Reflexivity is a fundamental property of equivalence relations. To say a relation is reflexive means that every element is related to itself. Consider the relation \( Q \) defined on pairs \((a, b)\) in \( \mathbb{Z} \times \mathbb{Z}^{*} \) by \( (a, b) \mathbf{Q} (a, b) \Longleftrightarrow a d = b c \). For reflexivity, we check if any pair \((a, b)\) is indeed relateable to itself. This requires \( a b = b a \), which holds true as multiplication is commutative. Thus, reflexivity of the relation \( Q \) is established since \( a b = b a \) is always satisfied.

Symmetry is another key aspect of equivalence relations. A relation \( Q \) is symmetric if whenever \( (a, b) \mathbf{Q} (c, d) \), it follows that \( (c, d) \mathbf{Q} (a, b) \). Given the definition of \( Q \), if \( a d = b c \), we need to show the reverse is also true. By rearranging \( a d = b c \), we obtain \( c b = d a \). Therefore, \( (c, d) \mathbf{Q} (a, b) \) holds true, confirming the symmetry of the relation \( Q \). In other words, if \((a, b)\) is related to \((c, d)\), then \((c, d)\) is indeed related to \((a, b)\) as well.

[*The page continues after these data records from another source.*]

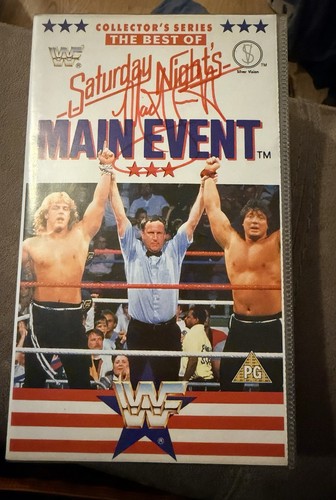 Autographed wwf snme - wwf,
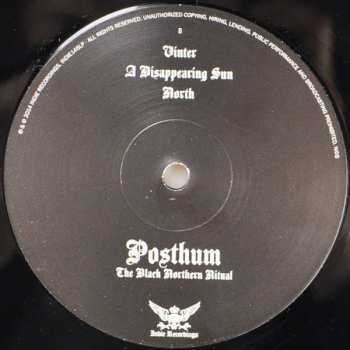 LP Posthum: The Black Northern Ritual LTD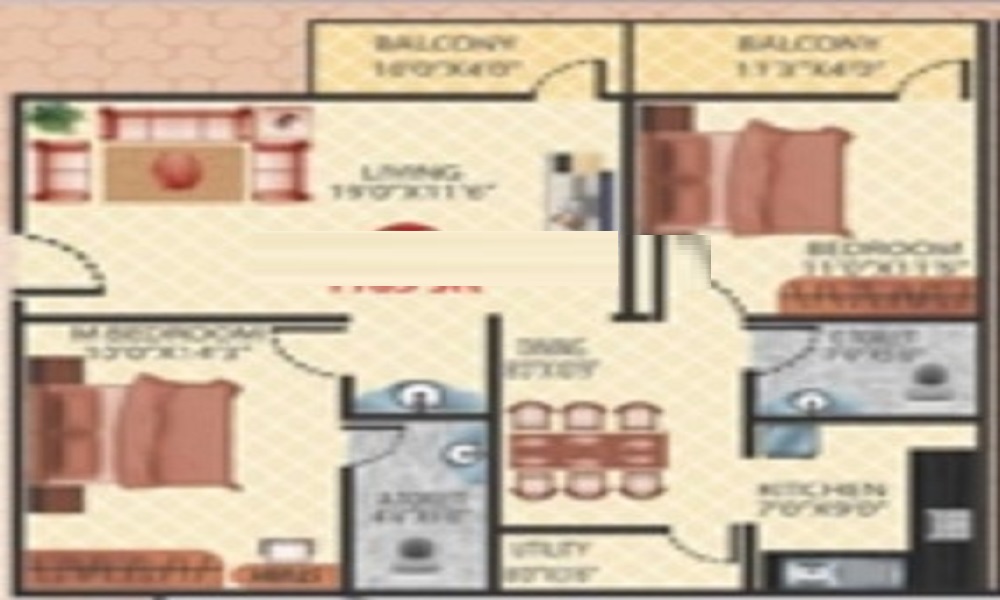 Hexa Sunrise Floor Plan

Transitivity forms the third pillar of equivalence relations. For \( Q \) to be transitive, if \( (a, b) \mathbf{Q} (c, d) \) and \( (c, d) \mathbf{Q} (e, f) \), then it must follow that \( (a, b) \mathbf{Q} (e, f) \). With \( a d = b c \) and \( c f = d e \), we need to establish \( a f = b e \). Transforming the first equality by multiplying both sides by \( f \): \( a d f = b c f \). Doing similarly with the second: \( c f = d e \) results in \( b c f = b d e \). Upon seeing that \( a d f = b c f \) and \( b c f = b d e \), the transitive property finalizes as \( a f = b e \). Thus, transitivity is proven, ensuring the relation \( Q \) is indeed transitive.